Nul besoin de faire les présentations : Tardi domine le paysage (en compagnie de quelques anciens toujours vivants). Il n'a plus rien à prouver depuis lurette. Et je n'ai pas grand-chose à en dire, puisque ses dessins se passent de commentaires et que ses récits, de Adieu Brindavoine et Rumeurs sur le Rouergue à Moi, René Tardi, en passant par Le Démon des glaces, Adèle Blanc-Sec et les adaptations de Léo Malet, Jean-Patrick Manchette, Daniel Pennac (l'étrange et dérisoire La Débauche, où un tigre de zoo est mis au service d'une vengeance, si je me souviens bien) ou de Géo-Charles Véran (l'implacable Jeux pour mourir) ont assis l'autorité du puissant narrateur visuel.

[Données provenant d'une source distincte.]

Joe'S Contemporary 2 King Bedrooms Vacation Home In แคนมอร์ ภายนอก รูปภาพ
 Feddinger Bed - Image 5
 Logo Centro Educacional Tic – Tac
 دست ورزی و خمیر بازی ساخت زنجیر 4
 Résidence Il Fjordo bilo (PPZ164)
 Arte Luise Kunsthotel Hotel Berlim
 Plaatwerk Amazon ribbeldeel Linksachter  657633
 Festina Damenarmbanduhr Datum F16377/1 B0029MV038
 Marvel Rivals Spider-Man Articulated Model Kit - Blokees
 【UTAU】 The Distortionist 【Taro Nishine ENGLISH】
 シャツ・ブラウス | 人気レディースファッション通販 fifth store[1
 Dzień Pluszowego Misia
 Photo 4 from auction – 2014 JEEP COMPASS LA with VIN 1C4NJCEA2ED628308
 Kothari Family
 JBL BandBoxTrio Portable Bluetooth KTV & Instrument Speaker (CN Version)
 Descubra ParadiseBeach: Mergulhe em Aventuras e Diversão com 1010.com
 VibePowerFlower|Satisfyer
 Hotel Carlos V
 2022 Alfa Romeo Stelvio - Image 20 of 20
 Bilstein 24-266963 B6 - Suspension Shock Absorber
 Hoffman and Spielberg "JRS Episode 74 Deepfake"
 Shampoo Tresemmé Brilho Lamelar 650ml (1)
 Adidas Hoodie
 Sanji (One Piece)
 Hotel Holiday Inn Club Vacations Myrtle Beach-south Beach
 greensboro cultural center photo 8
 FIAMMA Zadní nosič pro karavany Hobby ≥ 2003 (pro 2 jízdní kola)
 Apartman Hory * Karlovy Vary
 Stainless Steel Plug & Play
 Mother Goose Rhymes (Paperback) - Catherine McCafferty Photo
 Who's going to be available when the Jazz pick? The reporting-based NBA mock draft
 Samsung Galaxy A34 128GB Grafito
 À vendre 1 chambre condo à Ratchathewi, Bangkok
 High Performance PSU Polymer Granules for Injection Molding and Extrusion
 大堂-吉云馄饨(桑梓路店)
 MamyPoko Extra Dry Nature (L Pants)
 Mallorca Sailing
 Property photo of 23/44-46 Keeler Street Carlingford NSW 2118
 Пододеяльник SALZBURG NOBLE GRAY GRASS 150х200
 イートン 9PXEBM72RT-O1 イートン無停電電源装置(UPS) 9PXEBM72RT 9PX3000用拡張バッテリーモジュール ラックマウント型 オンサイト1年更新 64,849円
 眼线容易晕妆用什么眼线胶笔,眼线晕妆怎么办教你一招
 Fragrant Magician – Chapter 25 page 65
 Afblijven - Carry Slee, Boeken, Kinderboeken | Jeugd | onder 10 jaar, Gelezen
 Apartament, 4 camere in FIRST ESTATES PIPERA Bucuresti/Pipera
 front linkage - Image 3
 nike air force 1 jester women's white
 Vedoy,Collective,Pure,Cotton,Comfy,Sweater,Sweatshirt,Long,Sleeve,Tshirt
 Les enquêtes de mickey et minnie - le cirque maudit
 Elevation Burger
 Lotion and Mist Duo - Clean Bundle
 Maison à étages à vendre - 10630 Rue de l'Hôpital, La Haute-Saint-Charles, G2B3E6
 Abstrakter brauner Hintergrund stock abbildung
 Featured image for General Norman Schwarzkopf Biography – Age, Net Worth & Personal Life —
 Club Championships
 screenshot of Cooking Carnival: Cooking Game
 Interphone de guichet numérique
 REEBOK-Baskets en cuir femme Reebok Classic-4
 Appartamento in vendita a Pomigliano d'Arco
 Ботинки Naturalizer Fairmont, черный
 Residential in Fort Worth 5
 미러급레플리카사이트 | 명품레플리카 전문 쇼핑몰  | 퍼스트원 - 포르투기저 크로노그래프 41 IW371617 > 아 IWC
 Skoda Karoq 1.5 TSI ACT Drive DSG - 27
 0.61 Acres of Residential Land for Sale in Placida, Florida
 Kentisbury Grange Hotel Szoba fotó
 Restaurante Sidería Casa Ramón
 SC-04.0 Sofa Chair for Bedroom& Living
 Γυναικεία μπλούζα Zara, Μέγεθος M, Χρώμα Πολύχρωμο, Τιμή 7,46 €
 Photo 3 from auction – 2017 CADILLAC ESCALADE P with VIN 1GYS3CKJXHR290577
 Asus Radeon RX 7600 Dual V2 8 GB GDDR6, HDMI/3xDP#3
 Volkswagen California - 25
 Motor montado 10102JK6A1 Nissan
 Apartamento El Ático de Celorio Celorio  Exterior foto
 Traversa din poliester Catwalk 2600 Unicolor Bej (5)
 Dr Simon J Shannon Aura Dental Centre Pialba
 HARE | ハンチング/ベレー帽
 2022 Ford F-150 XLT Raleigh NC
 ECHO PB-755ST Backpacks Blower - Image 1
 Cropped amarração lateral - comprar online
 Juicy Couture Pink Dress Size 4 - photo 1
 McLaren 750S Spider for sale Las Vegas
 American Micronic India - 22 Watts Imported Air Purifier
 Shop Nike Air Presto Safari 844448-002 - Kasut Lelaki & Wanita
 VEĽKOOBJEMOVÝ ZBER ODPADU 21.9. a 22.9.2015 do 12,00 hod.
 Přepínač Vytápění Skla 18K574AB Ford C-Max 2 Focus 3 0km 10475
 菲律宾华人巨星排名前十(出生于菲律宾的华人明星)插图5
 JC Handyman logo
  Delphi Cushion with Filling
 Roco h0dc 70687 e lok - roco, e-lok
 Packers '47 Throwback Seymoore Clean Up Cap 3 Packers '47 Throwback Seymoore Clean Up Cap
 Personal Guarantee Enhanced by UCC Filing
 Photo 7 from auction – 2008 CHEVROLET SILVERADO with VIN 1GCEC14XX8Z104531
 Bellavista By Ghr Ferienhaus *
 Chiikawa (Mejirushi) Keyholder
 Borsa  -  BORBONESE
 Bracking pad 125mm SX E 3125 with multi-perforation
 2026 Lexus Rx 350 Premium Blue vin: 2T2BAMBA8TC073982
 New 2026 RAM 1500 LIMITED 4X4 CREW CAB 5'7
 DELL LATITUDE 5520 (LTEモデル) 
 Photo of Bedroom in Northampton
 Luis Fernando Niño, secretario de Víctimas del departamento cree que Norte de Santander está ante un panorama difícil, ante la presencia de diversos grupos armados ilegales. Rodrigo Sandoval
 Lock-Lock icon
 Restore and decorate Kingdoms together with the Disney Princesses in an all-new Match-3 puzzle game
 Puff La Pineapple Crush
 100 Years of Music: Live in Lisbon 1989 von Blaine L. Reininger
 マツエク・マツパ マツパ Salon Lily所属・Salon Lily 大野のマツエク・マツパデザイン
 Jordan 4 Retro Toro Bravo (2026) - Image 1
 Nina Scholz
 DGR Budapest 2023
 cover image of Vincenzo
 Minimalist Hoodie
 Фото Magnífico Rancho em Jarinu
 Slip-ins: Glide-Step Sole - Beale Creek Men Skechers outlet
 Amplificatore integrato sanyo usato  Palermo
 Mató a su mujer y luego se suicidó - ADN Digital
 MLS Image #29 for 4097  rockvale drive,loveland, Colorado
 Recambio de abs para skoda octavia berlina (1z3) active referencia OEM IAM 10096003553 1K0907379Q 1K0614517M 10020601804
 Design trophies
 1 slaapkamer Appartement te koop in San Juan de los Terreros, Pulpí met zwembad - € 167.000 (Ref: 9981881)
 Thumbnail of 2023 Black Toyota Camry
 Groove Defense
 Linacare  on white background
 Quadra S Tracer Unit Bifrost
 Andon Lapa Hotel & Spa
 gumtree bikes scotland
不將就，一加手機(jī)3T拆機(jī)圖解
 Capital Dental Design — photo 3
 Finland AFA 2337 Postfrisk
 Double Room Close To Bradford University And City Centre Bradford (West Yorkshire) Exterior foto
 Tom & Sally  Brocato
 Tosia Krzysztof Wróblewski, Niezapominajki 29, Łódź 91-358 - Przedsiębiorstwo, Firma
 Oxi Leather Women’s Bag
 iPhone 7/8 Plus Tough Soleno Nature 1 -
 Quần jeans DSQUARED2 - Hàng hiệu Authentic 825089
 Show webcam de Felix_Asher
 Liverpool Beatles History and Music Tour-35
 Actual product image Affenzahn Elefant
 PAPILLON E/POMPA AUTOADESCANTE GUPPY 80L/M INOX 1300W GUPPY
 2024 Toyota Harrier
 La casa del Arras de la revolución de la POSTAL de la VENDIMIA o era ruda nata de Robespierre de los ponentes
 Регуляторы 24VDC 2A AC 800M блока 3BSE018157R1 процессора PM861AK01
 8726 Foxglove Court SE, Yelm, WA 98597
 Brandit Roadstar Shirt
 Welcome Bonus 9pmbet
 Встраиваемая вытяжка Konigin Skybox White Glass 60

Je place à part l'énorme travail que Jacques Tardi a consacré à la guerre de 1914-1918, par lequel l'auteur a tenté de venger (mission impossible : ils ne seront jamais vengés) les millions de morts, toutes nations confondues, en leur élevant un cénotaphe digne de la boucherie industrielle à laquelle ils ont été sciemment envoyés (mais c'est la mort qui avait le plus gros appétit).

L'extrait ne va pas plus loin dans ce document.